وَإِذْ صَرَفْنَا إِلَيْكَ نَفَرًا مِنَ الْجِنِّ يَسْتَمِعُونَ الْقُرْآنَ فَلَمَّا حَضَرُوهُ قَالُوا أَنْصِتُوا فَلَمَّا قُضِيَ وَلَّوْا إِلَى قَوْمِهِمْ مُنْذِرِينَ قَالُوا يَا قَوْمَنَا إِنَّا سَمِعْنَا كِتَابًا أُنْزِلَ مِنْ بَعْدِ مُوسَى مُصَدِّقًا لِمَا بَيْنَ يَدَيْهِ يَهْدِي إِلَى الْحَقِّ وَإِلَى طَرِيقٍ مُسْتَقِيمٍ يَا قَوْمَنَا أَجِيبُوا دَاعِيَ اللَّهِ وَآمِنُوا بِهِ يَغْفِرْ لَكُمْ مِنْ ذُنُوبِكُمْ وَيُجِرْكُمْ مِنْ عَذَابٍ أَلِيمٍ وَمَنْ لا يُجِبْ دَاعِيَ اللَّهِ فَلَيْسَ بِمُعْجِزٍ فِي الأرْضِ وَلَيْسَ لَهُ مِنْ دُونِهِ أَولِيَاءُ أُولَئِكَ فِي ضَلالٍ مُبِينٍ

               Dan (ingatlah) ketika Kami hadapkan serombongan jin kepadamu yang mendengarkan Al Qur'an, maka tatkala mereka menghadiri pembacaan (nya) lalu mereka berkata: "Diamlah kamu (untuk mendengarkannya)". Ketika pembacaan telah selesai mereka kembali kepada kaumnya (untuk) memberi peringatan. Mereka berkata: "Hai kaum kami, sesungguhnya kami telah mendengarkan kitab (Al Qur'an) yang telah diturunkan sesudah Musa yang membenarkan kitab-kitab yang sebelumnya lagi memimpin kepada kebenaran dan kepada jalan yang lurus. Hai kaum kami, terimalah (seruan) orang yang menyeru kepada Allah dan berimanlah kepada-Nya, niscaya Allah akan mengampuni dosa-dosa kamu dan melepaskan kamu dari azab yang pedih.
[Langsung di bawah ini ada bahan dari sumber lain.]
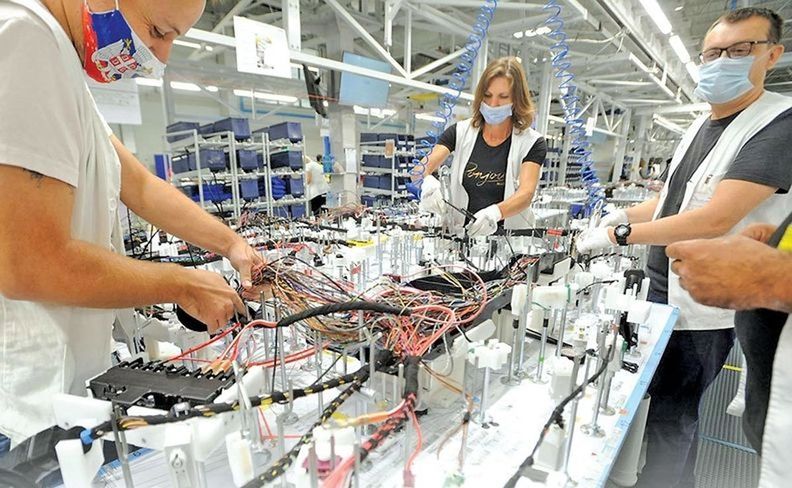 资讯 | 乌克兰是如何帮助Leoni恢复生产的？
Dan orang yang tidak menerima (seruan) orang yang menyeru kepada Allah maka dia tidak akan melepaskan diri dari azab Allah di muka bumi dan tidak ada baginya pelindung selain Allah. Mereka itu dalam kesesatan yang nyata". [Q.S. al-Ahqaaf : 29-32].

               Al-‘Imaad Ibnu Katsier[3] mengutarakan perihal ayat ini bahwa tatkala sekelompok Jin –dalam sebuah riwayat disebutkan 9- pergi berkeliling ke setiap penjuru bumi untuk mencari tahu apa yang menghalangi mereka dari mencuri berita dari langit. Maka ketika tiba di sebuah lembah, mereka melihat seorang Rasul yang sedang membaca al-Quran. Tatkala mereka mendengar bacaan Rasulullah shalla-Llahu ‘alaihi wa sallam, mereka pun menyuruh satu sama lain untuk diam dan mendengarkannya. Terkesima dengan lantunan al-Quran, maka Allah pun menurunkan ayat :

قُلْ أُوحِيَ إِلَيَّ أَنَّهُ اسْتَمَعَ نَفَرٌ مِنَ الْجِنِّ فَقَالُوا إِنَّا سَمِعْنَا قُرْآنًا عَجَبًا يَهْدِي إِلَى الرُّشْدِ فَآمَنَّا بِهِ وَلَنْ نُشْرِكَ بِرَبِّنَا أَحَدًا

               Katakanlah (hai Muhammad): "Telah diwahyukan kepadaku bahwasanya: sekumpulan jin telah mendengarkan (Al Qur'an), lalu mereka berkata: "Sesungguhnya kami telah mendengarkan Al Qur'an yang menakjubkan, (yang) memberi petunjuk kepada jalan yang benar, lalu kami beriman kepadanya. Dan kami sekali-kali tidak akan mempersekutukan seorang pun dengan Tuhan kami. [Q.S. al-Jinn : 1-2].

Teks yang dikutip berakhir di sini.